Exercise aim: Images are not part of the copy; write out the rest of the data exactly as given.

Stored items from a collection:
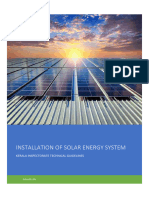Installation of Solar Energy System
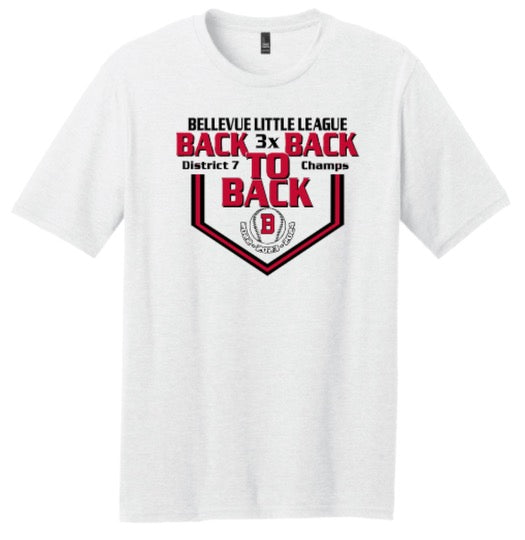 Back 2 Back 2 Back District Champs White Unisex T Shirt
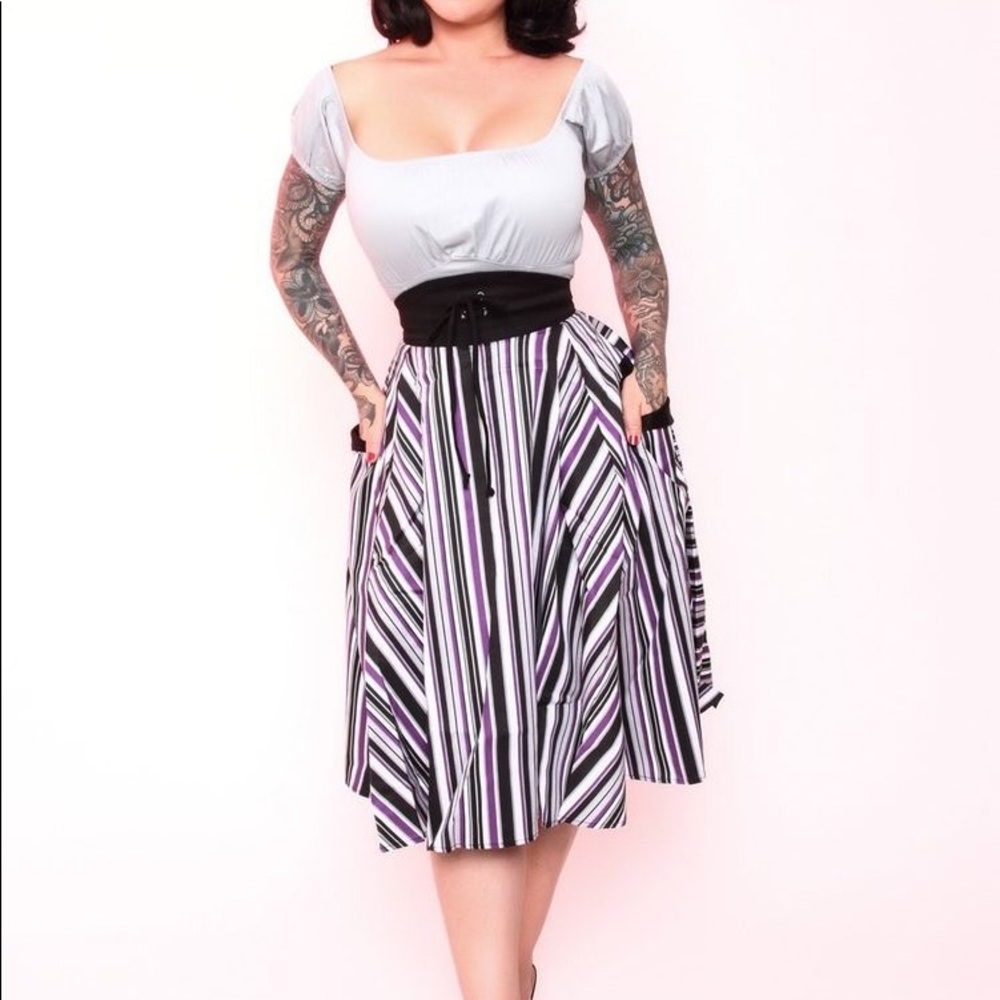 Solstice Stripe Corset Skirt BNWOT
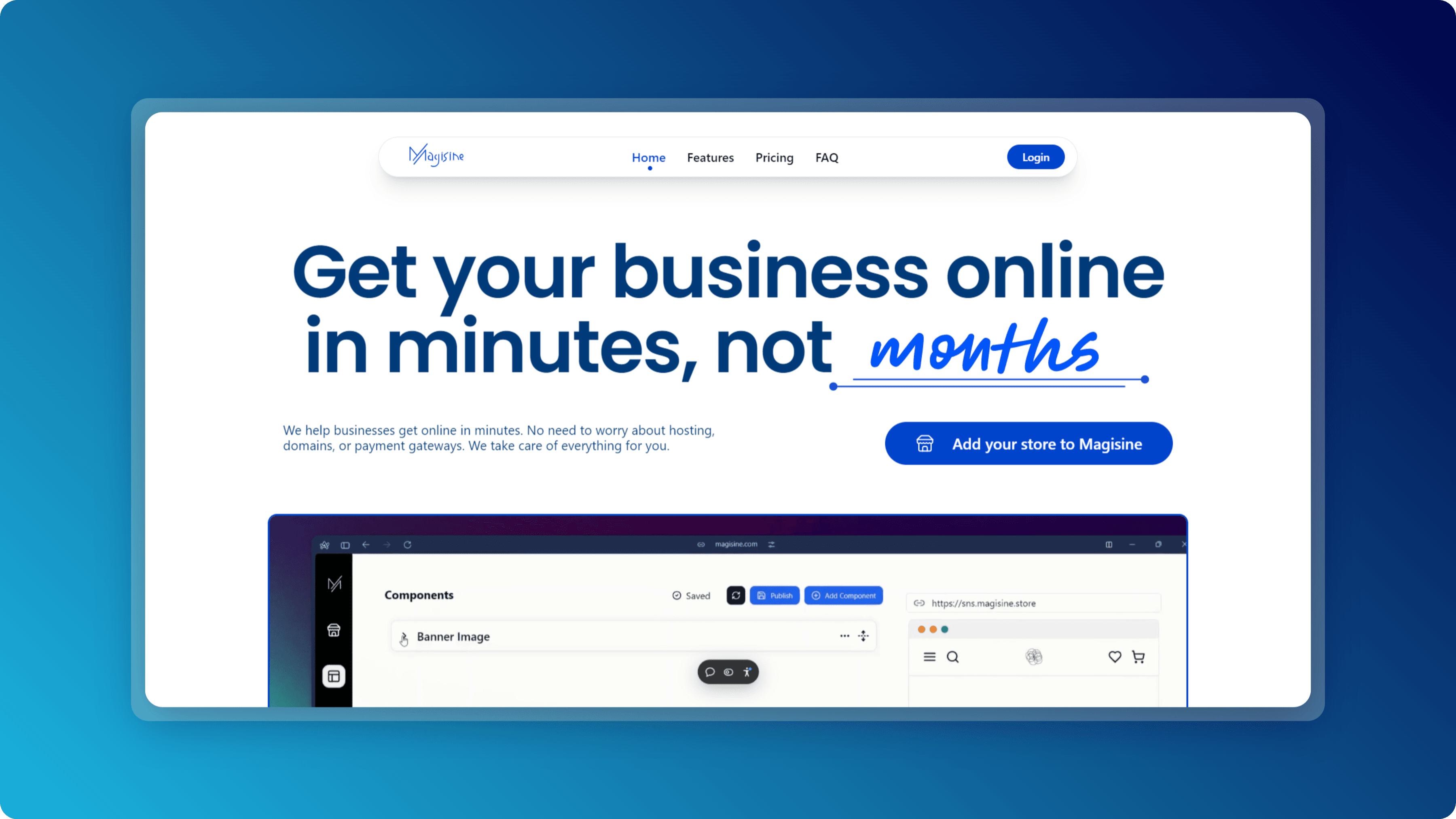 Magisine: E-commerce Platform Builder project cover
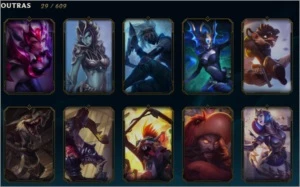 Conta de League of Legends TOP SKINS RARAS LOL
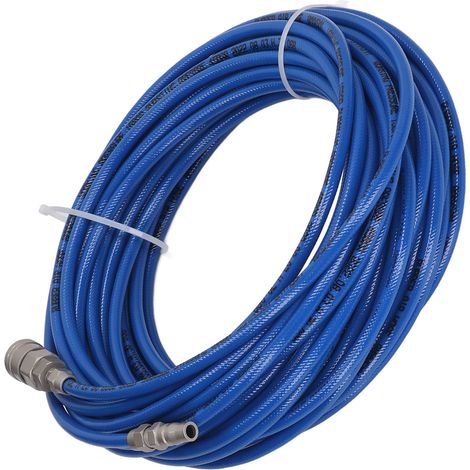 Tuyau pneumatique haute pression pour compresseur d'air, filetage NPT 1/4", diamètre intérieur 5 mm, diamètre extérieur 8 mm, longueur 20 m, bleu (1/5)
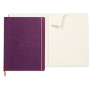 * Rhodiarama cahier souple VIOLET A4+ 160 pages ligné papier ivoire 90 g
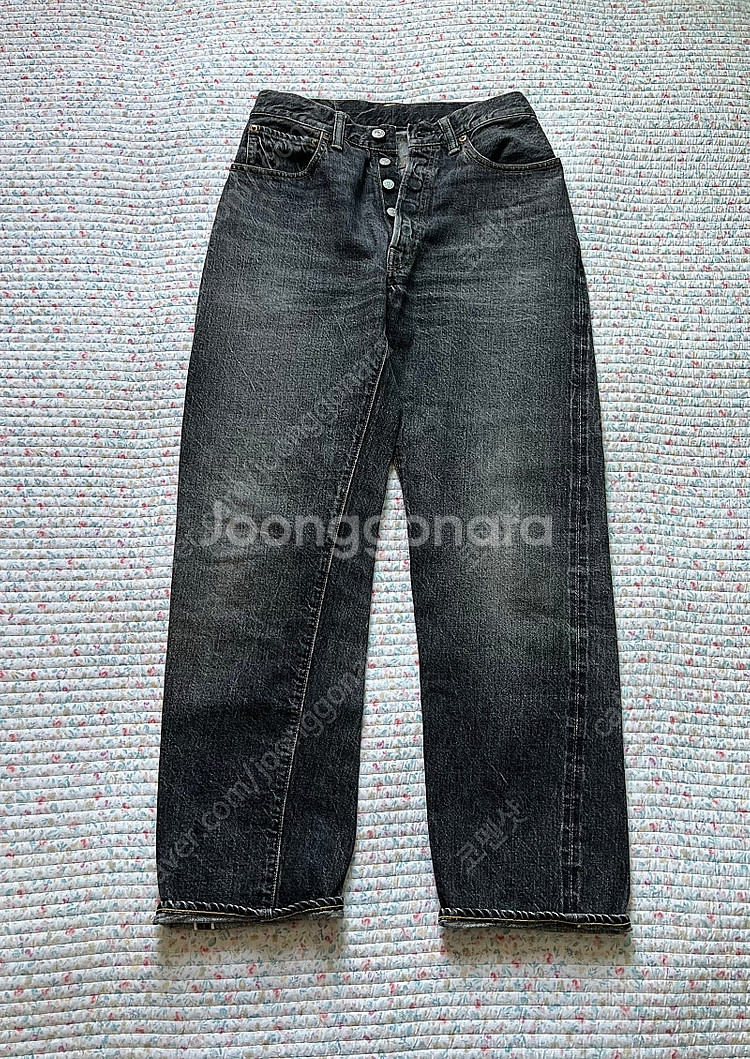 웨어하우스 1101 블랙 흑청 데님 (31기장)--1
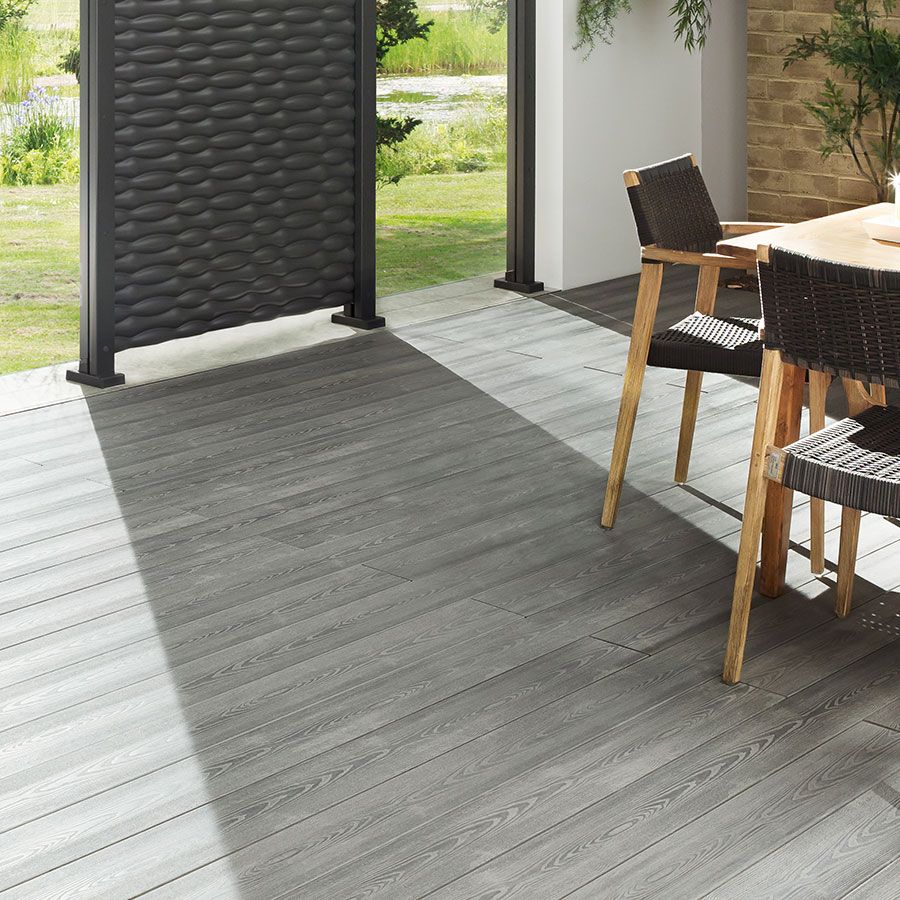 TraumGarten WPC Terrassendiele 23x146mm DreamDeck Plus grau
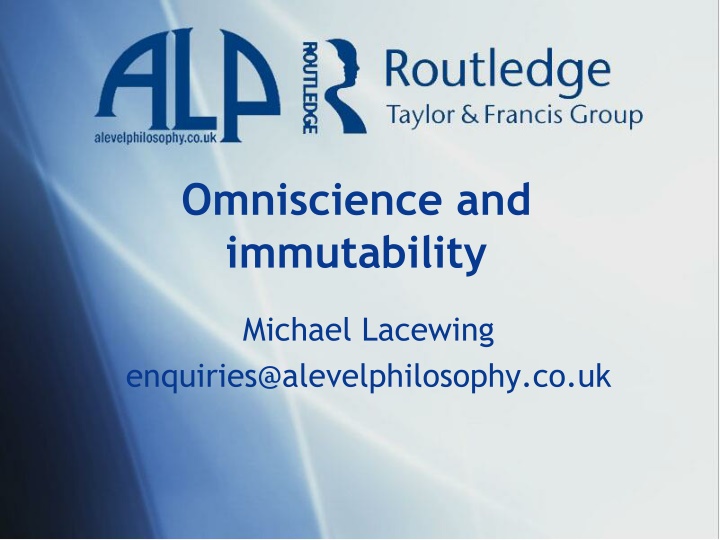 omniscience and immutability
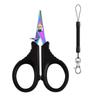 Titanium Coating Stainless Steel Fishing Scissor Plier Cut Pe Braid Line Cutter Plies Carp Fishing Accessories Tools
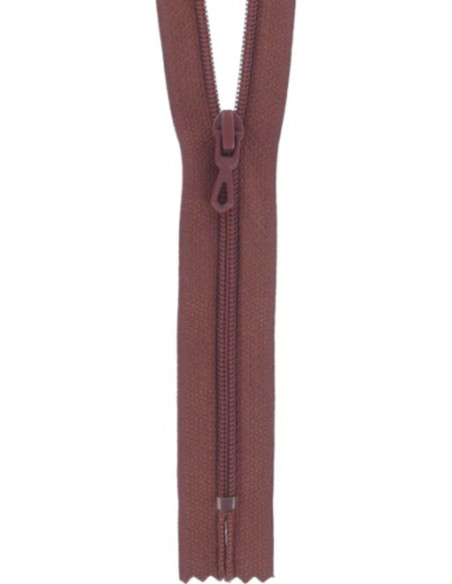 Fermeture éclair nylon - Muscade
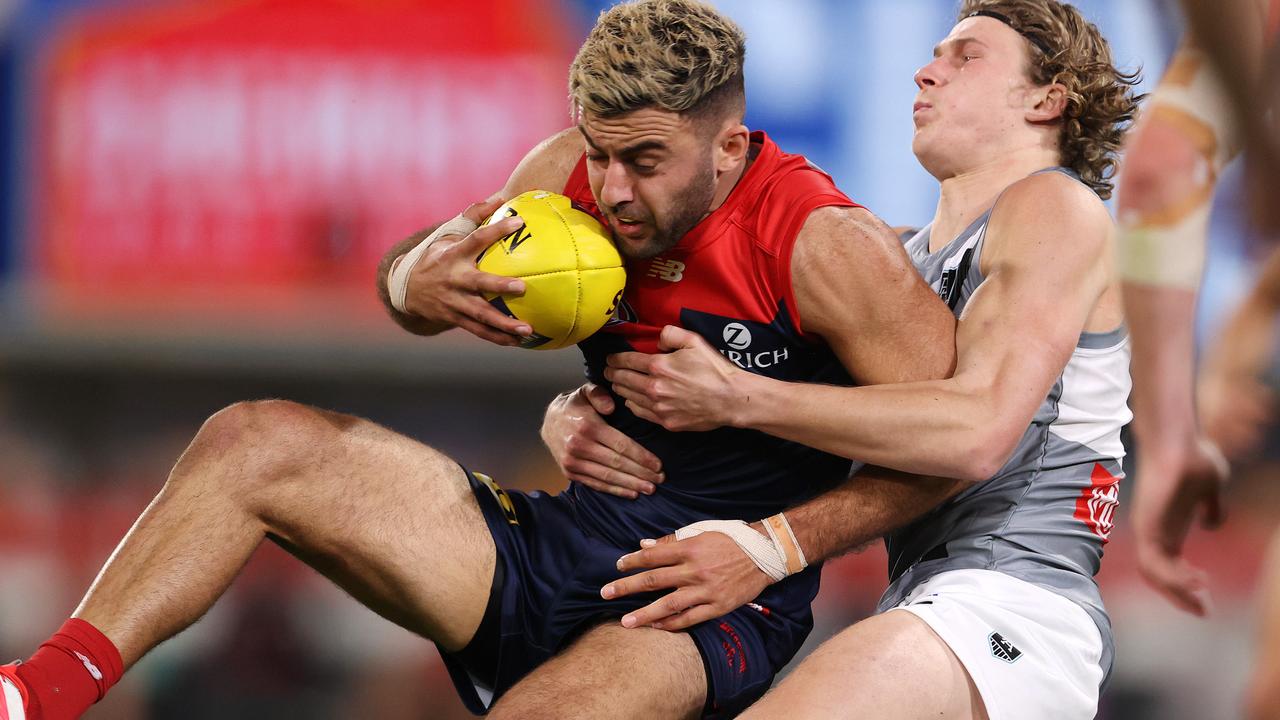 Christian Salem in action for Melbourne. Picture: Michael Klein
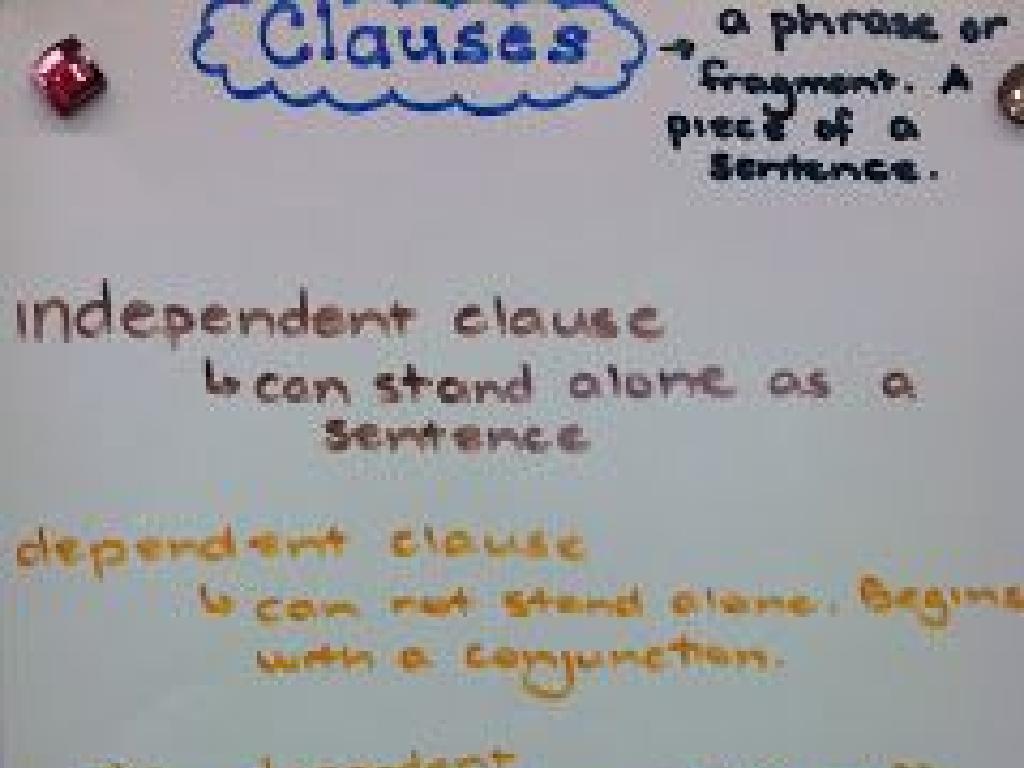 independent dependent clauses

Response to this exercise:
Installation of Solar Energy System
 Back 2 Back 2 Back District Champs White Unisex T Shirt
 Solstice Stripe Corset Skirt BNWOT
 Magisine: E-commerce Platform Builder project cover
 Conta de League of Legends TOP SKINS RARAS LOL
 Tuyau pneumatique haute pression pour compresseur d'air, filetage NPT 1/4", diamètre intérieur 5 mm, diamètre extérieur 8 mm, longueur 20 m, bleu (1/5)
 * Rhodiarama cahier souple VIOLET A4+ 160 pages ligné papier ivoire 90 g
 웨어하우스 1101 블랙 흑청 데님 (31기장)--1
 TraumGarten WPC Terrassendiele 23x146mm DreamDeck Plus grau
 omniscience and immutability
 Titanium Coating Stainless Steel Fishing Scissor Plier Cut Pe Braid Line Cutter Plies Carp Fishing Accessories Tools
 Fermeture éclair nylon - Muscade
 Christian Salem in action for Melbourne. Picture: Michael Klein
 independent dependent clauses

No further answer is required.